** Opening SOURCE RECORDS block **

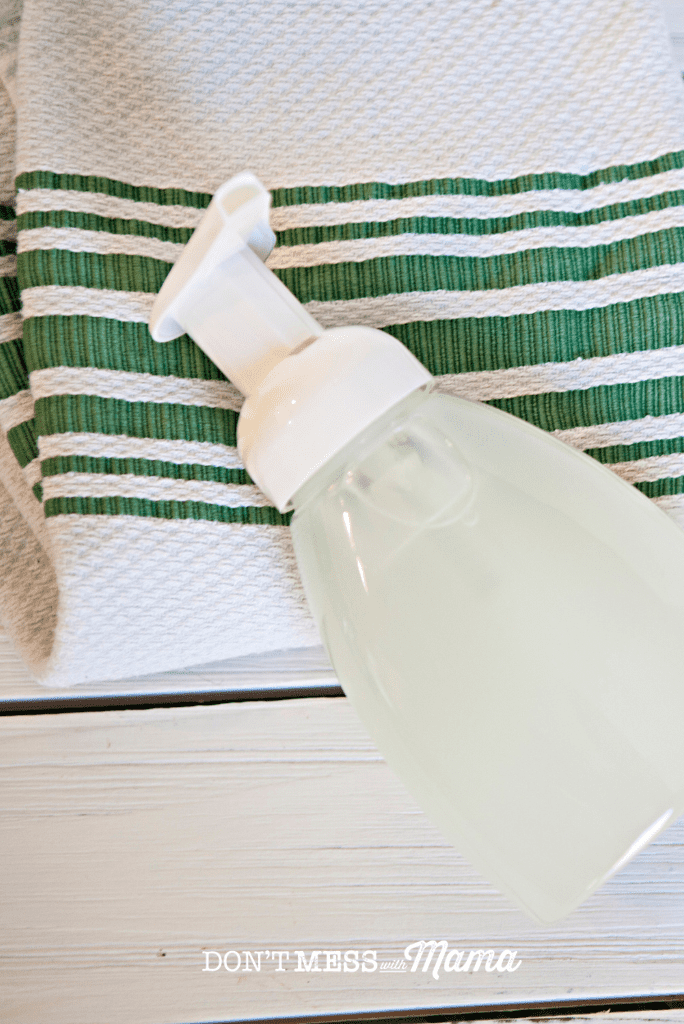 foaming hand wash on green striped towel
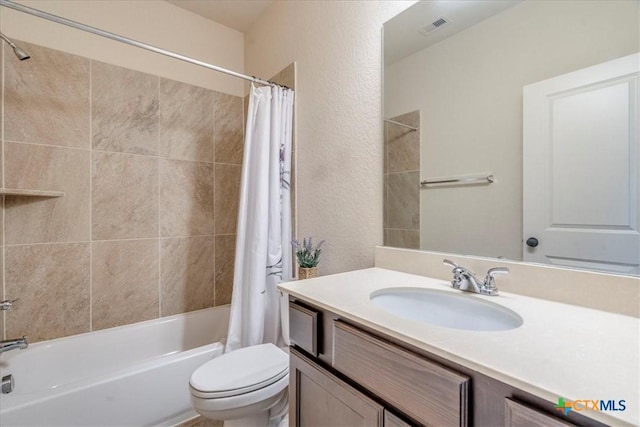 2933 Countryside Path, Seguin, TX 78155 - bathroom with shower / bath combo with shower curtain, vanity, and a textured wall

** Closing SOURCE RECORDS block **
** Opening SOURCE RECORDS block **

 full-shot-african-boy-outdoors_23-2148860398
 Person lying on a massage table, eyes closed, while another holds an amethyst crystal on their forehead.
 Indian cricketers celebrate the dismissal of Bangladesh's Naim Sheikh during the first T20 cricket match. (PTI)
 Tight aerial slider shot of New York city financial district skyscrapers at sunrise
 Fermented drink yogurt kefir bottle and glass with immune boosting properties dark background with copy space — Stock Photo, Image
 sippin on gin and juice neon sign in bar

** Closing SOURCE RECORDS block **

#### [WHAT YOU NEED TO DO]
Give again the lines of the listing above that run from the one with "foaming hand wash on green striped towel" up to and including the one with "2933 Countryside Path, Seguin, TX". Keep them exact and omit the pictures.

#### [RESPONSE BELOW]
 foaming hand wash on green striped towel
 2933 Countryside Path, Seguin, TX 78155 - bathroom with shower / bath combo with shower curtain, vanity, and a textured wall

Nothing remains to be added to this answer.